Task statement: Please reproduce, exactly as given, the lines running from the start of the data to the line containing "Las Vegas Travel", inclusive, and omit the pictures.

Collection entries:
--
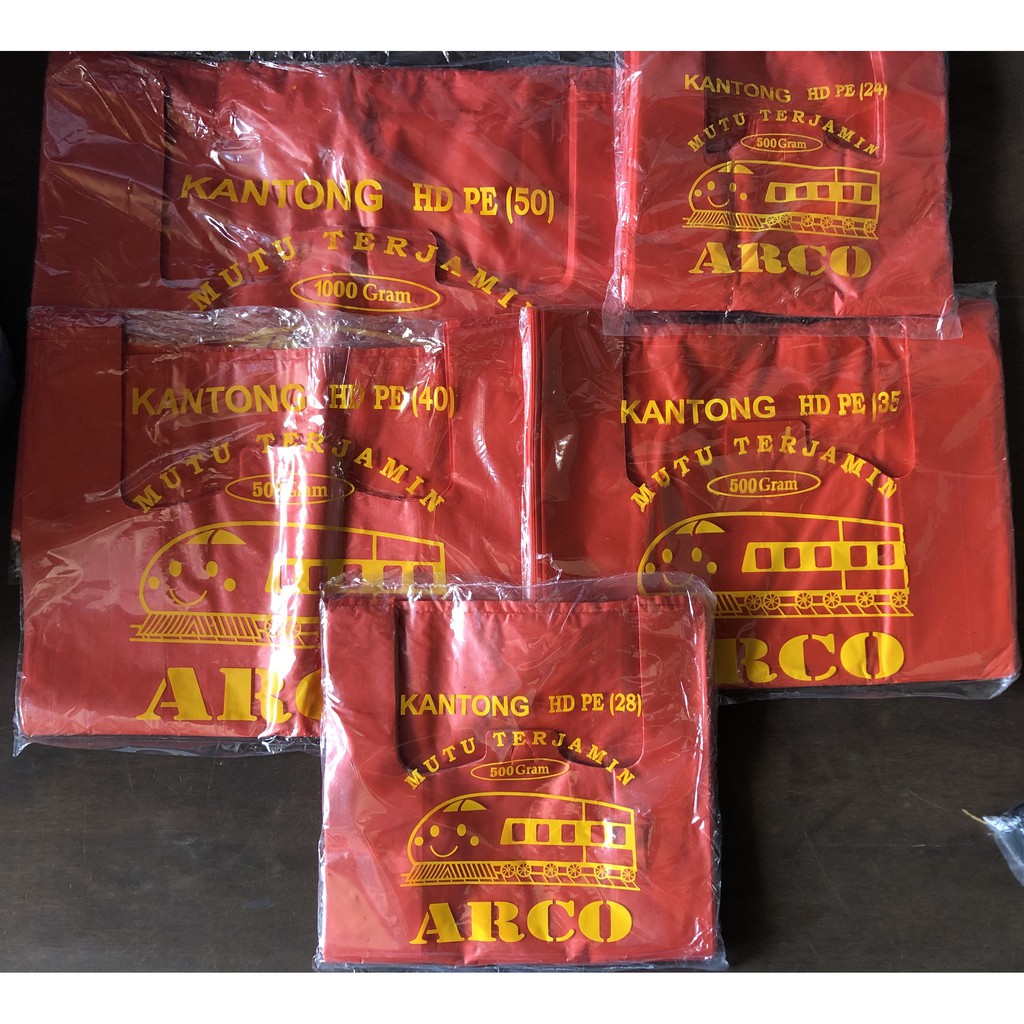 KANTONG PLASTIK JUMBO HD TEBAL MERAH/HITAM UKURAN 50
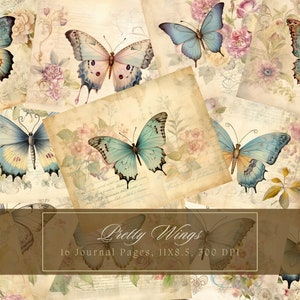 Vintage mariposa basura diario páginas acuarela floral basura diario kit flor papel digital scrapbooking ensueño efímera hojas de collage
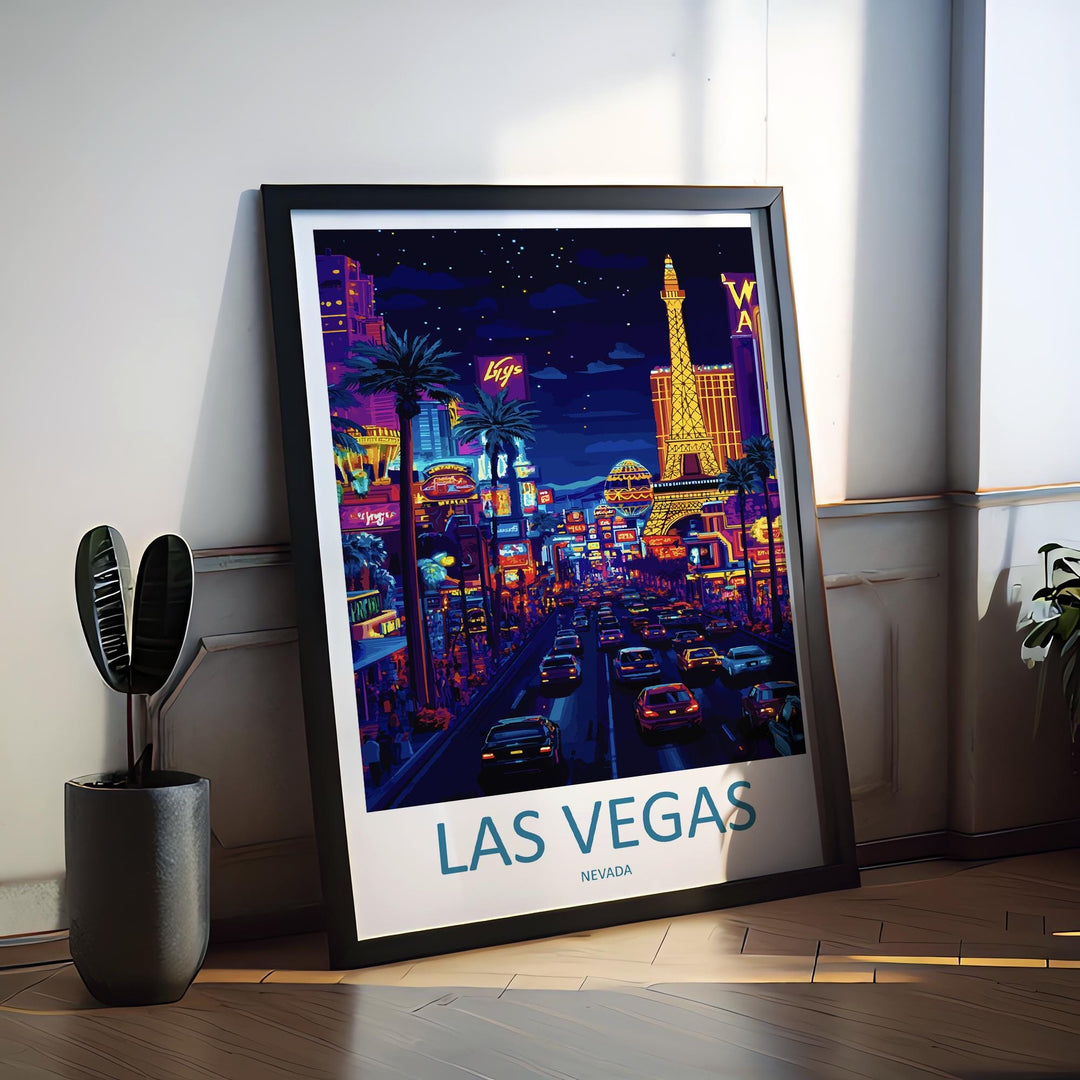 Las Vegas Travel Print Wall Art Las Vegas Wall Hanging Home Décor Las Vegas Gift Art Lovers Nevada Art Lover Gift Las Vegas Wall Décor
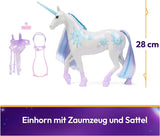 Lodowiec Unicorn Academy Unicorn — 28 cm wzrostu, oryginalny jednorożec Layla's Netflix z prawdziwą grzywą i ogonem, zdejmowaną uzdą, siodłem i szczotką, dla dzieci w wieku od 4 lat
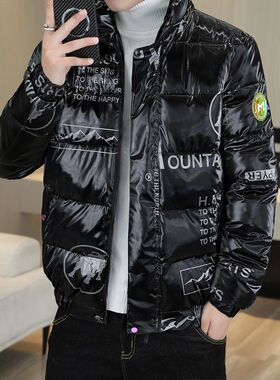 男士冬季外套2022新款棉衣韩版潮流男装羽绒棉服短款立领亮面棉袄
--
Reply to the task:
 KANTONG PLASTIK JUMBO HD TEBAL MERAH/HITAM UKURAN 50
 Vintage mariposa basura diario páginas acuarela floral basura diario kit flor papel digital scrapbooking ensueño efímera hojas de collage
 Las Vegas Travel Print Wall Art Las Vegas Wall Hanging Home Décor Las Vegas Gift Art Lovers Nevada Art Lover Gift Las Vegas Wall Décor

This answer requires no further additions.